My nephew and his friend would have been the ideal dinner companions that night. They are millennials who are used to waiting in line for a table at a hot restaurant and, as Filipinos who grew up in America, they would have a different take on Filipino food than their Tito, who moved to this country as an adult, with already a formed Pinoy palate.
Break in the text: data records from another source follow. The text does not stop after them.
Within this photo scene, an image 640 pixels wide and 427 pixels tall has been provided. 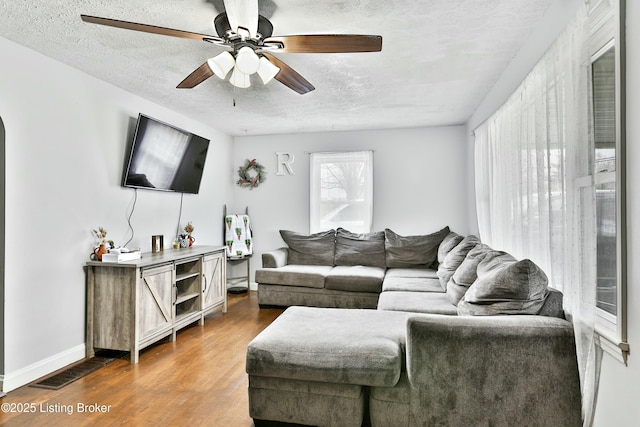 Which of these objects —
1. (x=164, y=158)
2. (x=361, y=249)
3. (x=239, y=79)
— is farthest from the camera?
(x=361, y=249)

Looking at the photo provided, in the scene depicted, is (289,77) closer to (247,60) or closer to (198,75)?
(247,60)

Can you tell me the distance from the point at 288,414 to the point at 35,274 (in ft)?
7.06

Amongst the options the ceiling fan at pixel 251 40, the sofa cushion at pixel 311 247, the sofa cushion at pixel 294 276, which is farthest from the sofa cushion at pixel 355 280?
the ceiling fan at pixel 251 40

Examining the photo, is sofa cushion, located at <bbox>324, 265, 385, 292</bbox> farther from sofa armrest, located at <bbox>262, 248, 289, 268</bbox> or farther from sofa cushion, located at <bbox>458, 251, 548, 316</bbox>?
sofa cushion, located at <bbox>458, 251, 548, 316</bbox>

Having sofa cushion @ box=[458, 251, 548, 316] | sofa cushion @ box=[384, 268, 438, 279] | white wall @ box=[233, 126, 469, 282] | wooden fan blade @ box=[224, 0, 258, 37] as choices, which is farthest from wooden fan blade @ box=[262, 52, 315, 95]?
white wall @ box=[233, 126, 469, 282]

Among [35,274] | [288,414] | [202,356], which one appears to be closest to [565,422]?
[288,414]

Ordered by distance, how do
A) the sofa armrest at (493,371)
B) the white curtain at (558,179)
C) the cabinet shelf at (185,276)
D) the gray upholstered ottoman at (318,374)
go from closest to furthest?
the white curtain at (558,179) < the sofa armrest at (493,371) < the gray upholstered ottoman at (318,374) < the cabinet shelf at (185,276)

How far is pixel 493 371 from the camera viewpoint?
5.71 feet

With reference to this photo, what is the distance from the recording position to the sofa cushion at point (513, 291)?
1899 mm

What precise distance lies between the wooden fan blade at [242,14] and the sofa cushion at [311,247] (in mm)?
3492

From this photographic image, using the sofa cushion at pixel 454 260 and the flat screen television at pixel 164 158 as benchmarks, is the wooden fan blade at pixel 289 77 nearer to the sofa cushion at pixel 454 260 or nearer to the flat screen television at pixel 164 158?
the flat screen television at pixel 164 158

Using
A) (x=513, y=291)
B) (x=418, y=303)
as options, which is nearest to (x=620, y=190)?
(x=513, y=291)

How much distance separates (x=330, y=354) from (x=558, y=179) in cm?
151

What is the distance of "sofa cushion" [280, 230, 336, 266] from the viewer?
5055mm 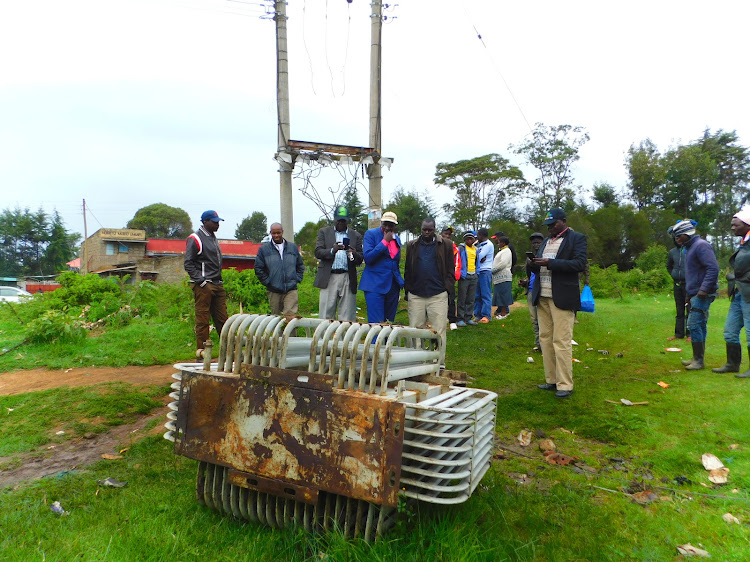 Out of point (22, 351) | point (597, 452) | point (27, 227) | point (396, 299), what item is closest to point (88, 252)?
point (27, 227)

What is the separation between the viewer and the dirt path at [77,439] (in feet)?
10.8

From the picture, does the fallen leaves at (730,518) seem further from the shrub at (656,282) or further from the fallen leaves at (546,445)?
the shrub at (656,282)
But the young ones would rather not brave the DC traffic on a Friday afternoon from the Maryland suburbs. So, I opt to dine with a non-millennial, but with excellent and discerning flavor profile – a trained chef and a journalist.
Wilma Consul moved from San Francisco to DC to work for public radio in 1999. This would be her first time at Bad Saint. She, too, is not a fan of lines, but she waits anyway to meet up with this good old friend.
I arrive a few minutes past our meeting time. “Ang tagal mo! You’re late, ha,” Wilma says. We’ve not seen each other in ages, and instead of a moving and poignant hug, she greets me with arms akimbo and a raised eyebrow.
While waiting in line, we catch up and talk about her days in the Bay Area and the steep real estate, of her involvement in Teatro ng Tanan (“Theater for Everyone”) whose acronym TnT was a pun on undocumented immigrants who were in hiding, and the explosive power of the group. We chat about newsmakers Leni Robredo, Manny Pacquiao, and Jose Antonio Vargas, the most famous undocumented immigrant.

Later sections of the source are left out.